Now instead of a girls’ sleep-over, it was turning into a week’s camp-out that consisted of Patti and Sandi and Nancy and Werby plus my little sister Christine and another neighbor girl but I forgot her name. Oh, it was Cheryl and her home life wasn’t anything to write home about either.
The tent would need to hold seven of us girls and all our stuff so it had to be fairly large, but there was plenty of denim thanks to Auntie. As Mom pushed the denim through the needle of the large Bernina sewing machine, Sandi would hold the fabric at the other end so it wouldn’t put so much weight on the machine. The sewing machine was on the front porch and Sandi would stand in the living room and walk the material onto the porch and pick up the other end to keep it from falling on the floor. It wasn’t long before the big green tent began to take shape. It had a floor made of left-over grey denim. And it was so heavy that it took three people to carry it outside. She made a casing along the pitch of the roof and strung rope through the casing. At each corner where the sides met the roof were four rings. Ropes went through the rings tossed over tree branches and pulled like pulleys to lift the tent up. When the tent stood upright, all the kids cheered! It had a zipper opening for the window with netting so the mosquitoes would not get in at night. The tent had a large zippered front door. It was large enough to stand up inside and at twelve I was already at my full height of 5’2” and there was room to spare above my head. And Mom had made it from scratch!
Nancy and Werby had a brother Paul and he wanted to stay over too when he heard about the big green tent. And Mom convinced June to let her two boys come over. June said they could stay over two nights, so the boys pitched their pup tent for Chip and Patrick, Cary and his brother Craig who was my age, and Paul, also my age in their little pup tent. Mom spent most of the night sitting by her bedroom window making sure no hanky panky would happen during the nighttime with so many twelve-year olds in the back yard.

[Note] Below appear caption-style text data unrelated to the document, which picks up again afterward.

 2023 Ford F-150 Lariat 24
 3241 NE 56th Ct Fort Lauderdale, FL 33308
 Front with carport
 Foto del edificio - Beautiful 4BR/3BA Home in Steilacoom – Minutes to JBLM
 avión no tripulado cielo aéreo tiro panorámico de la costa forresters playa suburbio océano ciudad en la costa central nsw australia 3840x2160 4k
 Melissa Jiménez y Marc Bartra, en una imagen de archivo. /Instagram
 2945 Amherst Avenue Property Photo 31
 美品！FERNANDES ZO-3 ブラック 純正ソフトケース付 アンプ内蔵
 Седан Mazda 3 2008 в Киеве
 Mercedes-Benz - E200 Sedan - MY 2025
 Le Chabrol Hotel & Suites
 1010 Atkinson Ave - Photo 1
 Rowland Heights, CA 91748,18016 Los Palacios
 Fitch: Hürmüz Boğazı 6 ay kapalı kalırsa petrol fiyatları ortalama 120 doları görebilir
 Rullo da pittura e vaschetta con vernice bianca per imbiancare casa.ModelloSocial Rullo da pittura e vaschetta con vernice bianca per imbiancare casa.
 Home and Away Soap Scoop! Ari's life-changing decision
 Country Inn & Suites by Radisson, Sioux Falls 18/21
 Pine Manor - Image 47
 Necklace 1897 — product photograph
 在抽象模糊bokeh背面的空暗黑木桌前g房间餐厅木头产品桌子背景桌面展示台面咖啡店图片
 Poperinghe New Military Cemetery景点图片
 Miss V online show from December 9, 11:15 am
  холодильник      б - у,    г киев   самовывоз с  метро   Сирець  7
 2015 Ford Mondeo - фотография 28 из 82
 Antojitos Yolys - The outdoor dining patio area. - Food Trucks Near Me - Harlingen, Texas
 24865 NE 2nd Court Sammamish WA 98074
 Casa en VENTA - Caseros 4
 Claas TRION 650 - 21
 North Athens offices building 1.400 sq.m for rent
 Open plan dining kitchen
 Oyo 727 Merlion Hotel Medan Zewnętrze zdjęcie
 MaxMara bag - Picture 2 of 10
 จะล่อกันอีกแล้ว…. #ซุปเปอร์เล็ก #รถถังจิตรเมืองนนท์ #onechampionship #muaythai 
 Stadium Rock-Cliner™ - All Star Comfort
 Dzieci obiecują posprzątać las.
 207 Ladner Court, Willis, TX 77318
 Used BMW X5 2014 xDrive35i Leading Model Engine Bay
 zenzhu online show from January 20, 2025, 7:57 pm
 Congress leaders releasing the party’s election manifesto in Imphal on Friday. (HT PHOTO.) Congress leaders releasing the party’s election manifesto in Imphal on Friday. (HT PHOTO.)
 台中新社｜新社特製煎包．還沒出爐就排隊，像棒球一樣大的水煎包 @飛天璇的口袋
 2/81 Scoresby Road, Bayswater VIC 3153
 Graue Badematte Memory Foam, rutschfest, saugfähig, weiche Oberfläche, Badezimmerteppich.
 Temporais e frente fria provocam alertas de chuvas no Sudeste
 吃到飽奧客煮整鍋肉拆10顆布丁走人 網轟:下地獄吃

We had a blast that week! We may not have had a full week camping out. I seem to recall rain and sleeping indoors. But it was close to a week. All I know is we made good memories for lots of kids that week. We had fun; we laughed and sang Beatles songs, teased each other and splashed in the pool for hours. We ate up everything in sight as we were hungry! Being in the pool most of the day worked up our appetites. We teased Craig, whose twelve-year old voice was changing. We would call out from the girls’ tent to the boys’ tent in a deep gruffy voice, “Hey, Gregg!” Then we would roll over in fits of laughter. We went for moonlight swimming sessions trying to be extra quiet. We’d tip toe through the dewey grass and slither into the water, but we would scare one another in the pool and fall into fits of suppressed laughter.
Finally it was either the rain or the weariness of a patient mother that ended the greatest week in summertime history. Everyone had to eventually leave and go back to the usual summer boredom. But that week is stored up in our memory banks forever. Although we have lost touch with many of those good people, our childhood recollections are rich with a mother who knew how to sew and actually created from scratch a very big green tent. Sandi still talks about it today, “Who has a mother who makes their kids a tent!”
And Sandi knows that sewn up in the stitches of that tent was Mom's love for her children, a lot of laughter in our back yard, and a childhood rich with happy memories.